Optimizing Prompts Blind

Teams iterate on prompts the way we used to debug code before debuggers existed. Change something, run it, see if it’s better. No isolation. No clear signal about which change mattered. Just trial and error until something seems to work.

The Prompt Report documents left an impression on me with their case study: 47 recorded steps of iteration, where accidentally duplicating an email in the prompt improved performance. It’d be nice if we knew why it helped, but for now I assume no one knows. In this case, the engineer was optimizing for the wrong metric anyway because they lacked domain expertise. Tight iteration, but blind to which signals matter.

This is the pattern I keep seeing. In ‘AI adoption’ related efforts, teams rewrite entire prompts and evaluate “did it get better?” But prompts are interconnected systems where changing one part ripples through the entire interaction. The model interprets later instructions through the lens of earlier ones. Add a constraint in one section, and the interpretation of a previous instruction shifts. When you change multiple things at once, you can’t tell which change caused the improvement or regression.

Even when teams do isolate changes, they often iterate at the wrong level. They tweak words when the structure is broken, switching “analyze” to “examine” when the real problem is using zero-shot prompting for a task that needs few-shots to work massage the context.
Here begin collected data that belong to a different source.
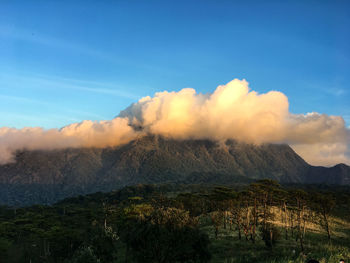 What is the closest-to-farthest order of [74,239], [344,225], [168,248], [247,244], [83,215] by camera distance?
1. [168,248]
2. [247,244]
3. [74,239]
4. [344,225]
5. [83,215]

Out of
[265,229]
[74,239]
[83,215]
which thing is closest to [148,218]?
[265,229]

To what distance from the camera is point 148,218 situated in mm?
23953

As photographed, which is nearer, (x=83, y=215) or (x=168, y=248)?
(x=168, y=248)

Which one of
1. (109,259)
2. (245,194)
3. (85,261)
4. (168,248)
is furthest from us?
(245,194)

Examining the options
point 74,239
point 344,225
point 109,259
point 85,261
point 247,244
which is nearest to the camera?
point 85,261

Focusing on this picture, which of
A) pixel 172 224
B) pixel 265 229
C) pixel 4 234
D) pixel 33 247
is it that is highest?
pixel 172 224

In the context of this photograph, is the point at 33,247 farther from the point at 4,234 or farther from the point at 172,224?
the point at 172,224

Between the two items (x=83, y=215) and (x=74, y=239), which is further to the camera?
(x=83, y=215)

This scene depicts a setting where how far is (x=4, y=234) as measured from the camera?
76.4 metres

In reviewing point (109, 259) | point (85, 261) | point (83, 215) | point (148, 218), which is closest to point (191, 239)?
point (148, 218)

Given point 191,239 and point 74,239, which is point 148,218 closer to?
point 191,239

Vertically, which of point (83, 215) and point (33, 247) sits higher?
point (83, 215)

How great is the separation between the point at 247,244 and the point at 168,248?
98.5 ft

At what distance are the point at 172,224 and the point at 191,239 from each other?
105 inches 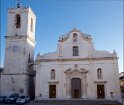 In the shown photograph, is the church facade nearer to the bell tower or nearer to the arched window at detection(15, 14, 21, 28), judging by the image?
the bell tower

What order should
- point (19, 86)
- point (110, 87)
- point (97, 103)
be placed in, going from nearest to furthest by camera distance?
point (97, 103)
point (110, 87)
point (19, 86)

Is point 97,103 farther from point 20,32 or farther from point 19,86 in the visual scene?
point 20,32

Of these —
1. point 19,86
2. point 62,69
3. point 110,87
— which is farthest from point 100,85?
point 19,86

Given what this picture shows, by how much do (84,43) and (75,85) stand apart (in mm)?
6739

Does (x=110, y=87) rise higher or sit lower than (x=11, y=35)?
lower

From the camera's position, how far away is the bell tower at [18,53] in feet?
120

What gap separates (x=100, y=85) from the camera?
34375mm

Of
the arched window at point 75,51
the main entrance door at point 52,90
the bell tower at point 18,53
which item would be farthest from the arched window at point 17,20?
the main entrance door at point 52,90

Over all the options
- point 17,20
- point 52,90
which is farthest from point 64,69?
point 17,20

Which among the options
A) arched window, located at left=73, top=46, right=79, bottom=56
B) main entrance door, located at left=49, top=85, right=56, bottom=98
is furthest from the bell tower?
arched window, located at left=73, top=46, right=79, bottom=56

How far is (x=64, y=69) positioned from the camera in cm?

Or they restructure from few-shot to chain-of-thought when the issue is ambiguous task intent. It’s like debugging a race condition by renaming variables, or fixing an algorithm bug by reformatting the code. The feedback is scoped, but pointed at the wrong abstraction layer.

Martin Fowler’s work on anchoring AI to reference applications shows what scoped feedback looks like. Initial attempts at drift detection “went a bit overboard with lots of irrelevant comparisons.” Narrowing the feedback loop (through scoped examples) helped. Changing prompts, or models didn’t (or at least it didn’t for me in a nearly identical situation). Instead of checking every possible difference, they made the success criteria bimodal. As in either the pattern exists or it doesn’t. Once the boundaries get clearer, you end up reducing the noise in your feedback loops.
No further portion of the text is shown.